We consider the problem of quantifying uncertainty over expected cumulative rewards in model-based reinforcement learning. In particular, we focus on characterizing the variance over values induced by a distribution over MDPs. Previous work upper bounds the posterior variance over values by solving a so-called uncertainty Bellman equation (UBE), but the over-approximation may result in inefficient exploration. We propose a new UBE whose solution converges to the true posterior variance over values and leads to lower regret in tabular exploration problems. We identify challenges to apply the UBE theory beyond tabular problems and propose a suitable approximation.
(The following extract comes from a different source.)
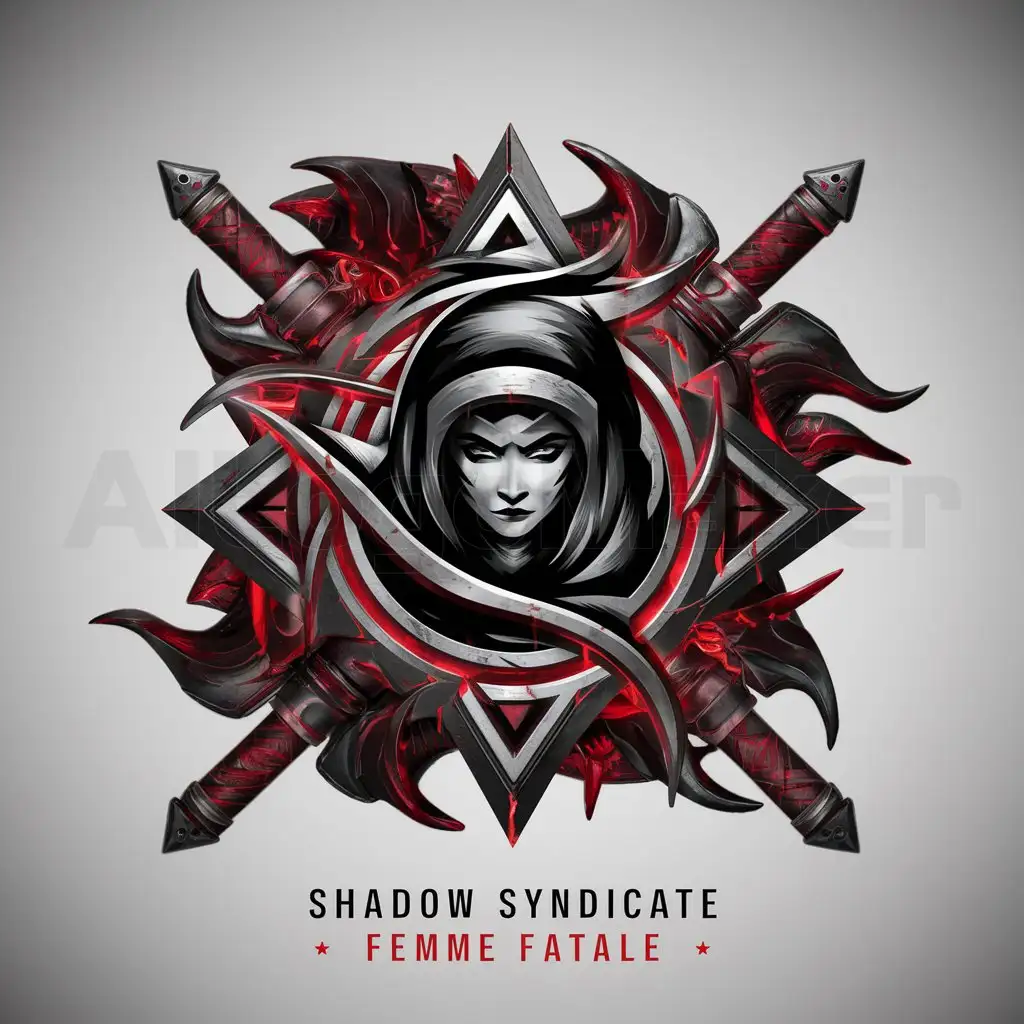 a logo design,with the text "Shadow Syndicate Femme Fatale", main symbol:Dark female Ninjas with blood elements,complex,be used in 0 industry,clear background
Based on this approximation, we introduce a general-purpose policy optimization algorithm, Q-Uncertainty Soft Actor-Critic (QU-SAC), that can be applied for either risk-seeking or risk-averse policy optimization with minimal changes. Experiments in both online and offline RL demonstrate improved performance compared to other uncertainty estimation methods.

翻译：我们研究基于模型的强化学习中对期望累积回报的不确定性量化问题。特别地，我们聚焦于由马尔可夫决策过程分布诱导的值方差的刻画。先前工作通过求解所谓的不确定性贝尔曼方程（UBE）来给出值的后验方差上界，但这种过近似可能导致低效探索。我们提出一种新的UBE，其解收敛于值的真实后验方差，从而在表格探索问题中更低的遗憾。我们识别出将UBE理论推广至非表格问题时面临的挑战，并提出一种合适的近似方法。基于该近似，我们引入通用型策略优化算法——不确定性软演员-评论家算法（QU-SAC），其通过极小的改动即可应用于风险寻求或风险规避策略优化。在线和离线强化学习实验均表明，与其他不确定性估计方法相比，该算法性能更优。